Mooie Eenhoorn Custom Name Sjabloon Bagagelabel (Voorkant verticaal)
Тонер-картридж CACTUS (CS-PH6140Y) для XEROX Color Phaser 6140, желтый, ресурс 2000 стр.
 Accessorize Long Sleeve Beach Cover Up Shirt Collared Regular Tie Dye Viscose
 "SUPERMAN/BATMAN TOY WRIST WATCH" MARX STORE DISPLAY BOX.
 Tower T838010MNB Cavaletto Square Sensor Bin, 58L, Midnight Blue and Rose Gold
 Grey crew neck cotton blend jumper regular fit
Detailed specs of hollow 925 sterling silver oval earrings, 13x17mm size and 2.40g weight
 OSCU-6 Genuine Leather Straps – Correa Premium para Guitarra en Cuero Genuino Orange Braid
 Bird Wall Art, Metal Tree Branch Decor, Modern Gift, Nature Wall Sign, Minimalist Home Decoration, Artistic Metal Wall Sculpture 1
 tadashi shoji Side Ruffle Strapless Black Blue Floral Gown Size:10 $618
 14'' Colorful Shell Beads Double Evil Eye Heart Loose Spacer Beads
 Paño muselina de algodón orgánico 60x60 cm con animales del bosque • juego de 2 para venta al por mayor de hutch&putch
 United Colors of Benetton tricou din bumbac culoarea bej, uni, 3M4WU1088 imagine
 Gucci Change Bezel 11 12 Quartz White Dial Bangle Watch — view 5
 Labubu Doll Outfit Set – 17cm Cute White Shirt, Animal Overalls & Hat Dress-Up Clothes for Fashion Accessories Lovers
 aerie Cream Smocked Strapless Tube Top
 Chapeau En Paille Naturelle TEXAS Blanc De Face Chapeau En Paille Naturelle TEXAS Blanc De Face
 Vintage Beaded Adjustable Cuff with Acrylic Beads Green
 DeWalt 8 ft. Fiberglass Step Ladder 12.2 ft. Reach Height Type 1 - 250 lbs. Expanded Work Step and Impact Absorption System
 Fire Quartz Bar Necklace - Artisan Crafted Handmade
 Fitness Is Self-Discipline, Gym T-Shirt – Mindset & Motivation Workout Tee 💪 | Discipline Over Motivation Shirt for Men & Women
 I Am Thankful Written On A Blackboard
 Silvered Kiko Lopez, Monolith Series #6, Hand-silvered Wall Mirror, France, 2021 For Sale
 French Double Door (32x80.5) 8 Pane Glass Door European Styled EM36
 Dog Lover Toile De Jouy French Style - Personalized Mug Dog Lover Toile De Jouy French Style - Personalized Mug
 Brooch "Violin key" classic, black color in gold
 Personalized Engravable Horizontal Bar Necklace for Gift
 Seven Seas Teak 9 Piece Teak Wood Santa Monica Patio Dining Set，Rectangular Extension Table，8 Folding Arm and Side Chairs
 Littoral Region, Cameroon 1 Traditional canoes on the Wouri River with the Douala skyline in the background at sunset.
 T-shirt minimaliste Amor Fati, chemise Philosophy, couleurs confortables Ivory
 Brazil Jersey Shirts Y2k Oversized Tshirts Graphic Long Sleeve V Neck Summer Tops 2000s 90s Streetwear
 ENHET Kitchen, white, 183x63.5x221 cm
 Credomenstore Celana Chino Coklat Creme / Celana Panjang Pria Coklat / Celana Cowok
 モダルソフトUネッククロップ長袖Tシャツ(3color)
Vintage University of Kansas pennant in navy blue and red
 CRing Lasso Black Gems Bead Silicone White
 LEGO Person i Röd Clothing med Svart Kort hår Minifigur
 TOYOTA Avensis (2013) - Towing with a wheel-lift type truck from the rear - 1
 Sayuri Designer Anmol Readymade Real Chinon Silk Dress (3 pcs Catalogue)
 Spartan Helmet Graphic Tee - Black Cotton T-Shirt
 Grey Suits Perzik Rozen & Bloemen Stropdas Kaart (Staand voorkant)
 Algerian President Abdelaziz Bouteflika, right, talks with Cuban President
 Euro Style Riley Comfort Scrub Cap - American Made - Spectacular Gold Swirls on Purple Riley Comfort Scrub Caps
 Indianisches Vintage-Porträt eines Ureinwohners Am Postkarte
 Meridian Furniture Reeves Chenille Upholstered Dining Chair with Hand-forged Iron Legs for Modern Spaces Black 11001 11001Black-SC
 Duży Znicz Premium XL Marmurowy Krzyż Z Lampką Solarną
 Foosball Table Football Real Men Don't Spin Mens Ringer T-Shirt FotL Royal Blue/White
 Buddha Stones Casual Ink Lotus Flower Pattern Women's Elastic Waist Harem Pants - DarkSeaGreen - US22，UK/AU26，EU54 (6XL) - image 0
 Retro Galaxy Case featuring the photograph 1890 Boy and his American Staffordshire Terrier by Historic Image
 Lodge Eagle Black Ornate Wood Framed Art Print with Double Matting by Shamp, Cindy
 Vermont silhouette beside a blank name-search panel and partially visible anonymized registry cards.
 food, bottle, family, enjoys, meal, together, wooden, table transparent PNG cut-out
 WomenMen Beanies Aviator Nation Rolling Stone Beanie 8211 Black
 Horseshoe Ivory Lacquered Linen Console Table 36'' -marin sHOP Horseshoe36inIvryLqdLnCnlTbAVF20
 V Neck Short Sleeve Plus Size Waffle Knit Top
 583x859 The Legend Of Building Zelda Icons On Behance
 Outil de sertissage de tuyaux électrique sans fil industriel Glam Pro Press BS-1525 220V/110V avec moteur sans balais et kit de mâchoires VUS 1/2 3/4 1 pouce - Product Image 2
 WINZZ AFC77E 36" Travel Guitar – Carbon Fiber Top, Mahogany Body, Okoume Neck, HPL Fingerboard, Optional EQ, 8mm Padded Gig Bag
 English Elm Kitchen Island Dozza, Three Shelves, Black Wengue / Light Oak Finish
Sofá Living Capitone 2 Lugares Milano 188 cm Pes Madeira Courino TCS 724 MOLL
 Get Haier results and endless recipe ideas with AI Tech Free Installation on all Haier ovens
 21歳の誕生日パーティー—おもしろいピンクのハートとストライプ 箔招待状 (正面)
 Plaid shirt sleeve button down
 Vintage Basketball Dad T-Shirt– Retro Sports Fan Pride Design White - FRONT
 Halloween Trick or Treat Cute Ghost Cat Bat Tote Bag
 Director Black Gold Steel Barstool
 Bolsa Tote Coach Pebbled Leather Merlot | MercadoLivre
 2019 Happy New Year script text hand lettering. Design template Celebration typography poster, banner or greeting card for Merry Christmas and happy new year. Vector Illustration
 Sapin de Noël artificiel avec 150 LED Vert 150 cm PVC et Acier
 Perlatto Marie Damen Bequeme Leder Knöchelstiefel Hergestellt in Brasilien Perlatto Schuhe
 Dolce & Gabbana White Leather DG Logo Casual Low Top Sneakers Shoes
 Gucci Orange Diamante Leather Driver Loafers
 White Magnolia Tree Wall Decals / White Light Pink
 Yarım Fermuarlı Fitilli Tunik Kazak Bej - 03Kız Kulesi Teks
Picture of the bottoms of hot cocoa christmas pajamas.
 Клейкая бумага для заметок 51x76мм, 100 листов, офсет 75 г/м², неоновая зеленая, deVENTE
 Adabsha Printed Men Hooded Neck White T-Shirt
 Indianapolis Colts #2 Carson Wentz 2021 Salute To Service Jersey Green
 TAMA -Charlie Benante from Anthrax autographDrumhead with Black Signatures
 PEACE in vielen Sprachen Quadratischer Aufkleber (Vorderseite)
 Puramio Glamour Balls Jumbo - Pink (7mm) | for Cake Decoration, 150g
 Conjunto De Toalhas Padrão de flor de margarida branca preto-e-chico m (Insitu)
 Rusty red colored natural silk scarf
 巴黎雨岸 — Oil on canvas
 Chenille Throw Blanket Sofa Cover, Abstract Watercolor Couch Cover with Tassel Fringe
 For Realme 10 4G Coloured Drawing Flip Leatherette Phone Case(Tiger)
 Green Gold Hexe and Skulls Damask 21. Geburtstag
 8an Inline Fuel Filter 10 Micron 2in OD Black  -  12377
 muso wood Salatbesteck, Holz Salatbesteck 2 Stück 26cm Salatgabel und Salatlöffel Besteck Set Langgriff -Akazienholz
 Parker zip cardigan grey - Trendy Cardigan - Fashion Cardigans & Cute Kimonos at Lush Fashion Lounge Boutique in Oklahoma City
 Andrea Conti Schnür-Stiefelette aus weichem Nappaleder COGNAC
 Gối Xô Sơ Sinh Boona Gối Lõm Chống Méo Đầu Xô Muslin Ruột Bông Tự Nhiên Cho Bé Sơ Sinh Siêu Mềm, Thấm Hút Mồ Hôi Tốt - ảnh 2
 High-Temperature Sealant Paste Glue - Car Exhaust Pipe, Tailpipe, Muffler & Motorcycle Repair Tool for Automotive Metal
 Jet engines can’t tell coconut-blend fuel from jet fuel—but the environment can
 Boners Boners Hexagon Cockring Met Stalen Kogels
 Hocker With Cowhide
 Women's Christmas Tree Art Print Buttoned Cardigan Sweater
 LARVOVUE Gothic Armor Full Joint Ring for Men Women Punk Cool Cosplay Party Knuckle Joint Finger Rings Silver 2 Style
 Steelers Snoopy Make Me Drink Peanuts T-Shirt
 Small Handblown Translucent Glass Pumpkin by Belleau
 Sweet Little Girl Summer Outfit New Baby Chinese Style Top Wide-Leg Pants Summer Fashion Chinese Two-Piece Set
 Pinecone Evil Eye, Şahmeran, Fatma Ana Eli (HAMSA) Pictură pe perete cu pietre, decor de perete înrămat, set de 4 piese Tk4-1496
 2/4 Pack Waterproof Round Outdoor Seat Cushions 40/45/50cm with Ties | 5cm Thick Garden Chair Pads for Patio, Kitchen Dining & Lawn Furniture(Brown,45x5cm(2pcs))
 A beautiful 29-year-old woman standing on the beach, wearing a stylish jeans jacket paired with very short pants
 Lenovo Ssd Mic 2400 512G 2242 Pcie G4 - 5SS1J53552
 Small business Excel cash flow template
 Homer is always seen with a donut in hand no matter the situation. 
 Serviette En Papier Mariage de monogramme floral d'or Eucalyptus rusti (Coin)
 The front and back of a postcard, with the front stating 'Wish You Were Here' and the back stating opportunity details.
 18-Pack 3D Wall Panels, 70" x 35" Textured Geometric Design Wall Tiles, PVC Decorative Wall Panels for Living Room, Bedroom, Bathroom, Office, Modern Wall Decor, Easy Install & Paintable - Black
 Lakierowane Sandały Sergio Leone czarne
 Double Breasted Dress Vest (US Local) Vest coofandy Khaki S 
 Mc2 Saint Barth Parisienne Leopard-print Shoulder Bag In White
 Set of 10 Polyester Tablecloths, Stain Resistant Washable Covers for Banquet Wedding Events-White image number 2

^^^^^^^^

| AIM OF THE EXERCISE |
Please copy, exactly and with nothing else, the lines above beginning at the line that has "Bolsa Tote Coach" and ending with the line that has "Dolce & Gabbana".

| EXERCISE RESPONSE |
 Bolsa Tote Coach Pebbled Leather Merlot | MercadoLivre
 2019 Happy New Year script text hand lettering. Design template Celebration typography poster, banner or greeting card for Merry Christmas and happy new year. Vector Illustration
 Sapin de Noël artificiel avec 150 LED Vert 150 cm PVC et Acier
 Perlatto Marie Damen Bequeme Leder Knöchelstiefel Hergestellt in Brasilien Perlatto Schuhe
 Dolce & Gabbana White Leather DG Logo Casual Low Top Sneakers Shoes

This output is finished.